▸ **DIRECTIONS**: Word for word, repeat the lines of the records from the one containing "Tim Bullard Haunted" through the last line, both included.

▸ **DATA TO EXAMINE**:
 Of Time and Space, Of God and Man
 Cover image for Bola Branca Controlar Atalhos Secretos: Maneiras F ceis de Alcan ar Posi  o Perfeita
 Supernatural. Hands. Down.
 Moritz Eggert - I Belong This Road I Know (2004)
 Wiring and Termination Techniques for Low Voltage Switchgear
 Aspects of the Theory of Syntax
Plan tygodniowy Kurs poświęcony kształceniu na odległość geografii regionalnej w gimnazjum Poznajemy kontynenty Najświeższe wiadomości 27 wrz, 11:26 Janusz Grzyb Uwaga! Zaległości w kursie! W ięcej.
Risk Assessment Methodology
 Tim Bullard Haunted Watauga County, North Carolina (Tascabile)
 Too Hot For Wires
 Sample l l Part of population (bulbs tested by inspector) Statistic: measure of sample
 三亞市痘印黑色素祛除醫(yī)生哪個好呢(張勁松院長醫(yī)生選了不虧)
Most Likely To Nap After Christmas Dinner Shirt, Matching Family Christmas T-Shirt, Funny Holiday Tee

▸ **REPLY**:
 Tim Bullard Haunted Watauga County, North Carolina (Tascabile)
 Too Hot For Wires
 Sample l l Part of population (bulbs tested by inspector) Statistic: measure of sample
 三亞市痘印黑色素祛除醫(yī)生哪個好呢(張勁松院長醫(yī)生選了不虧)
Most Likely To Nap After Christmas Dinner Shirt, Matching Family Christmas T-Shirt, Funny Holiday Tee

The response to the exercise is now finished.